#### TASK INSTRUCTIONS:
Take nothing but the lines from the one with "Volvo EX30 CC PURE ELECTRIC TWIN MOTOR CC CC" through the one with "Heritage Schoolhouse Museum & Archives" in the entries below, both ends kept, and return them exactly with pictures left out.

#### SUPPLIED MATERIAL:
● ● ●

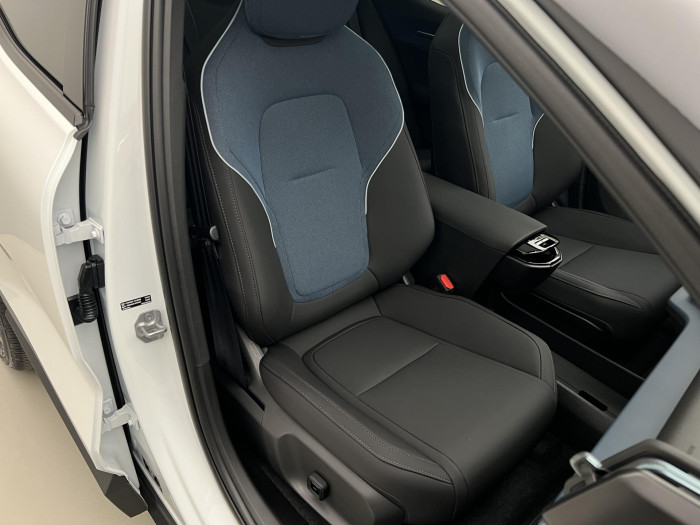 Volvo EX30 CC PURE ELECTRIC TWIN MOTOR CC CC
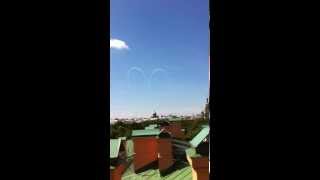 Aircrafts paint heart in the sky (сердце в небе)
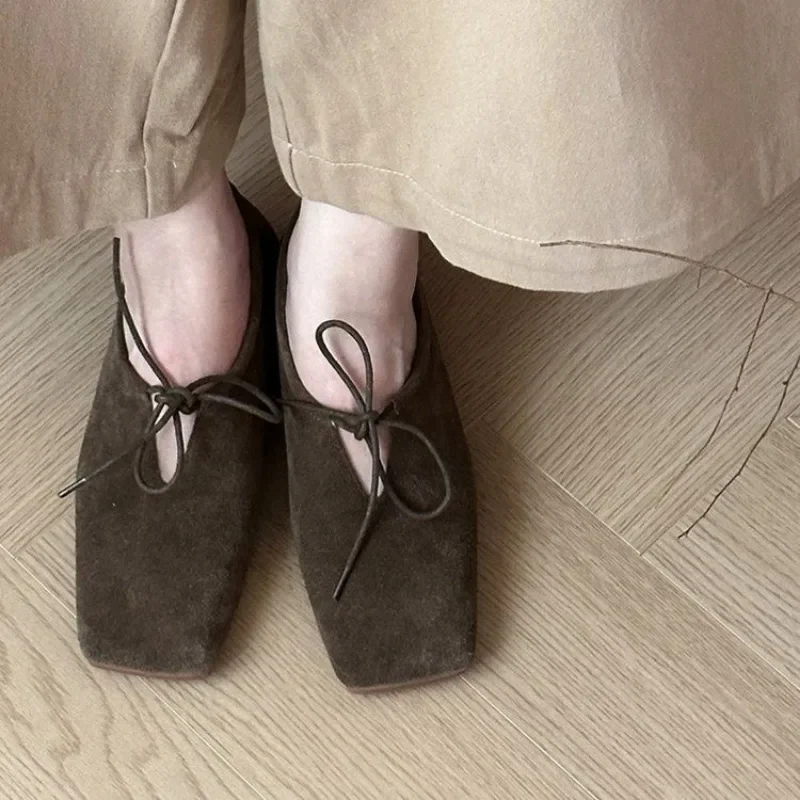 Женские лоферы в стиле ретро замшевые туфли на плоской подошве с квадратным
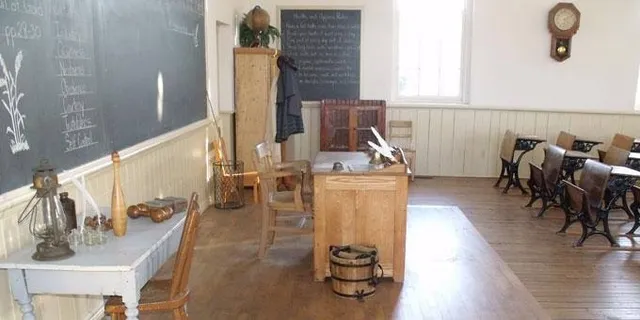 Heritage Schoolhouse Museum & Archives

● ● ●

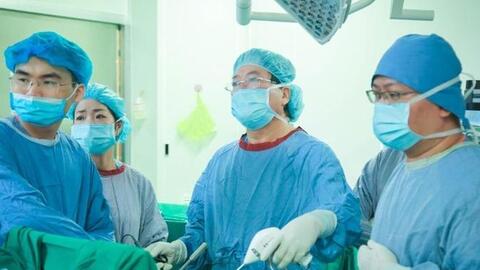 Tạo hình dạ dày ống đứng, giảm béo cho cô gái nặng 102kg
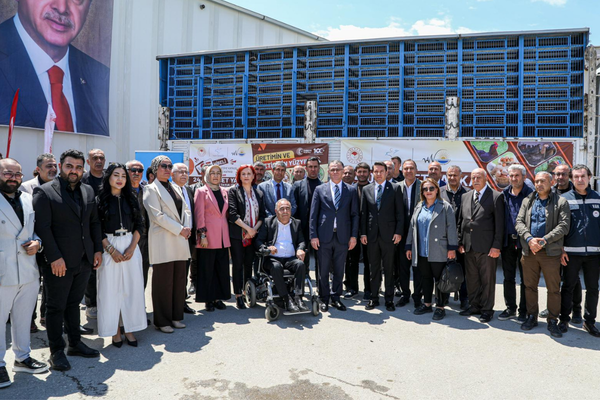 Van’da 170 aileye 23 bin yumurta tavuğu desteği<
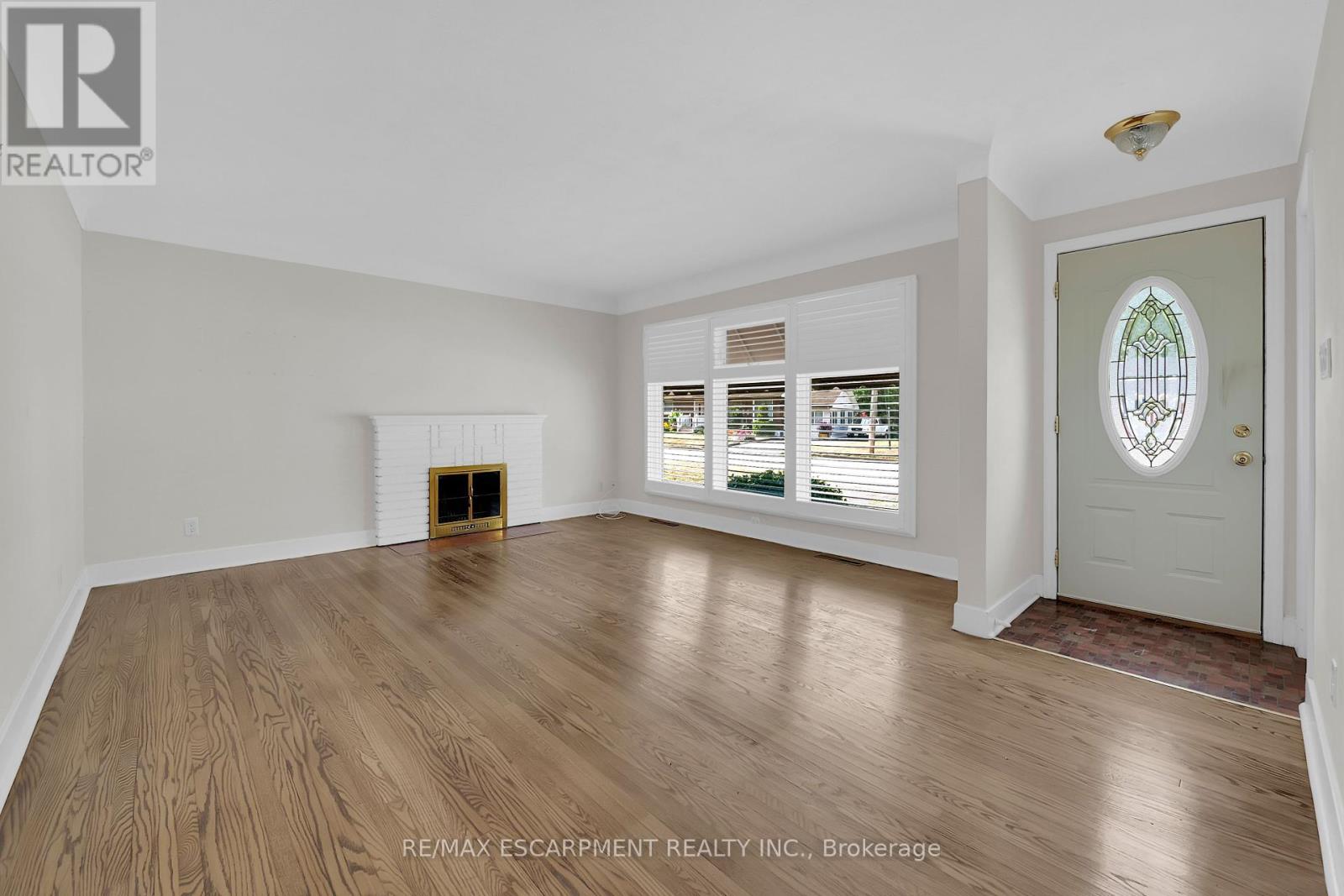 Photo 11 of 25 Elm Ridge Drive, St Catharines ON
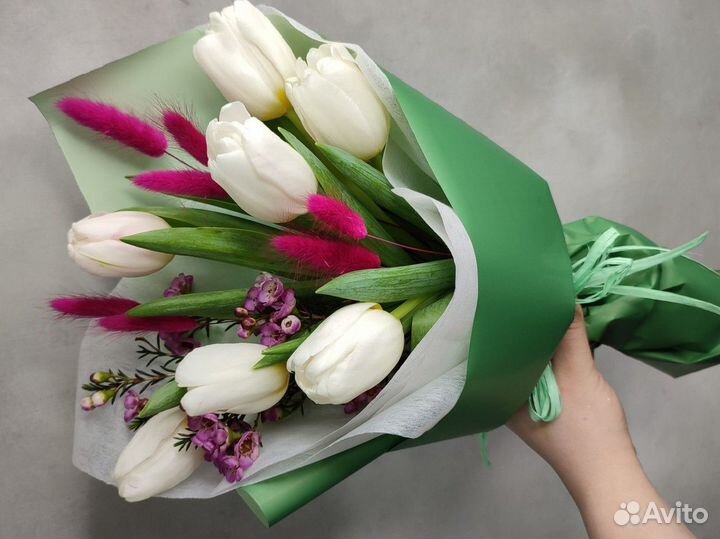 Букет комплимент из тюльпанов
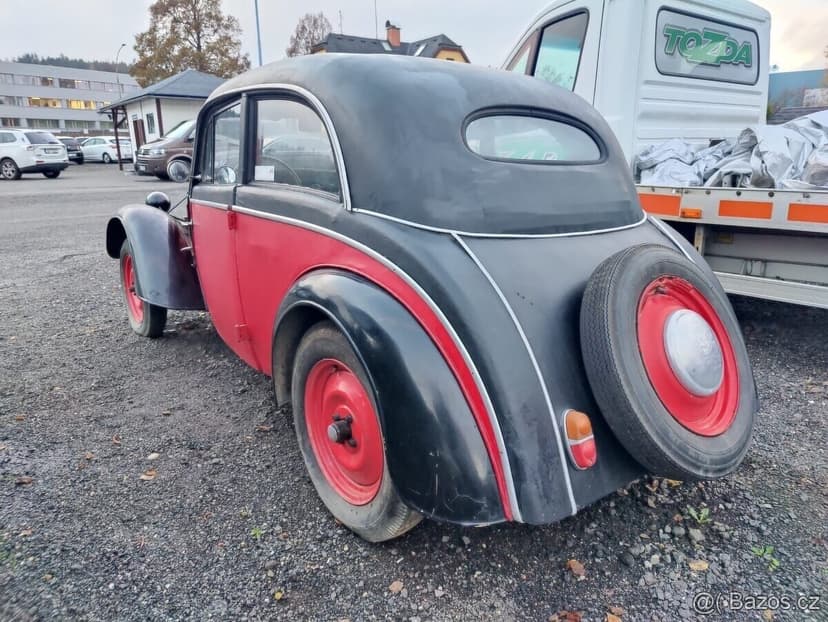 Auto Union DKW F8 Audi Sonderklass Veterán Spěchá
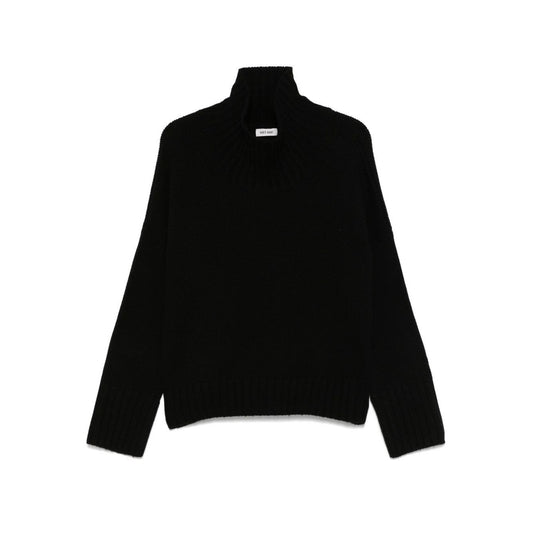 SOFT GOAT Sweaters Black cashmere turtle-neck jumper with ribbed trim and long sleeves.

● ● ●

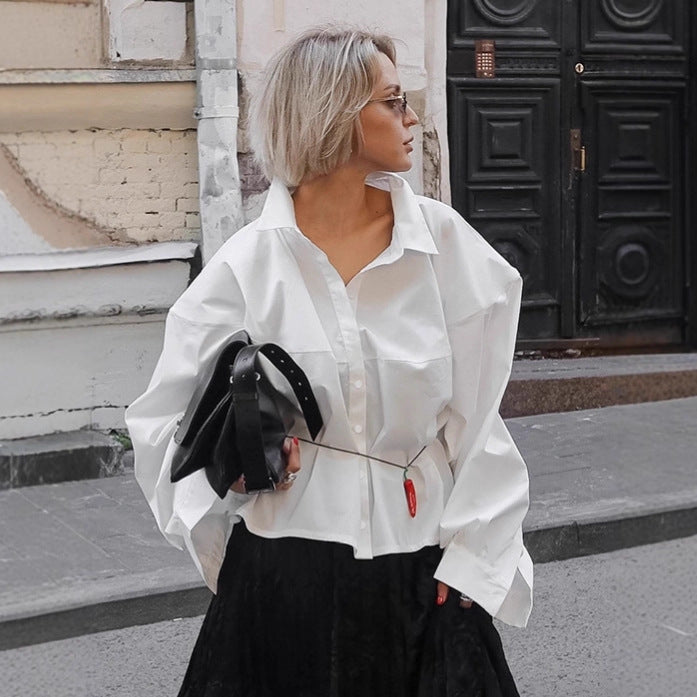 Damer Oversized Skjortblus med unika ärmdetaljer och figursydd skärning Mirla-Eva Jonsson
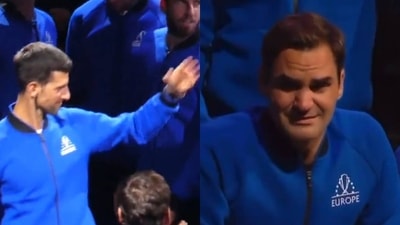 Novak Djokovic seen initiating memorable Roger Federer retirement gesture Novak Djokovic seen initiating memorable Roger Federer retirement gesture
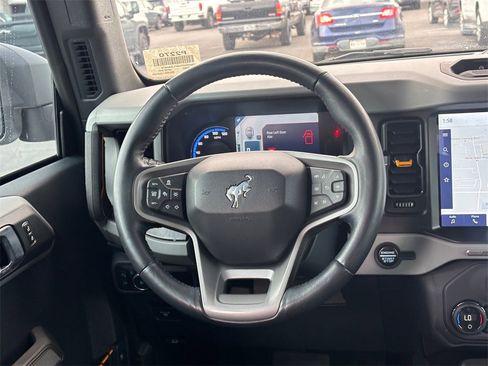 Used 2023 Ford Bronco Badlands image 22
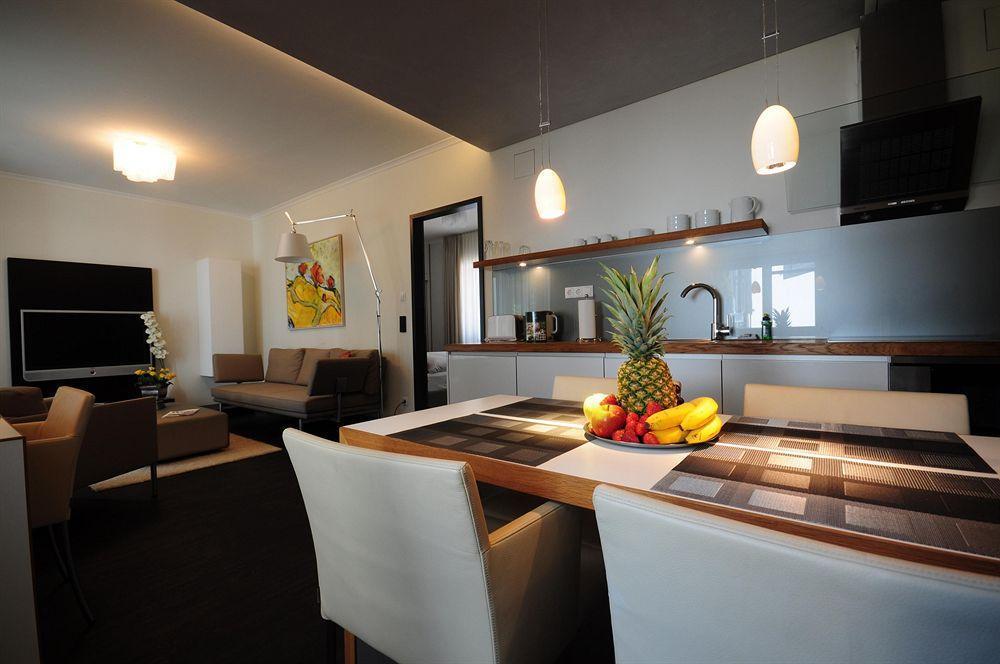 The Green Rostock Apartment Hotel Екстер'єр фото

● ● ●

#### ANSWER FOR THE TASK:
 Volvo EX30 CC PURE ELECTRIC TWIN MOTOR CC CC
 Aircrafts paint heart in the sky (сердце в небе)
 Женские лоферы в стиле ретро замшевые туфли на плоской подошве с квадратным
 Heritage Schoolhouse Museum & Archives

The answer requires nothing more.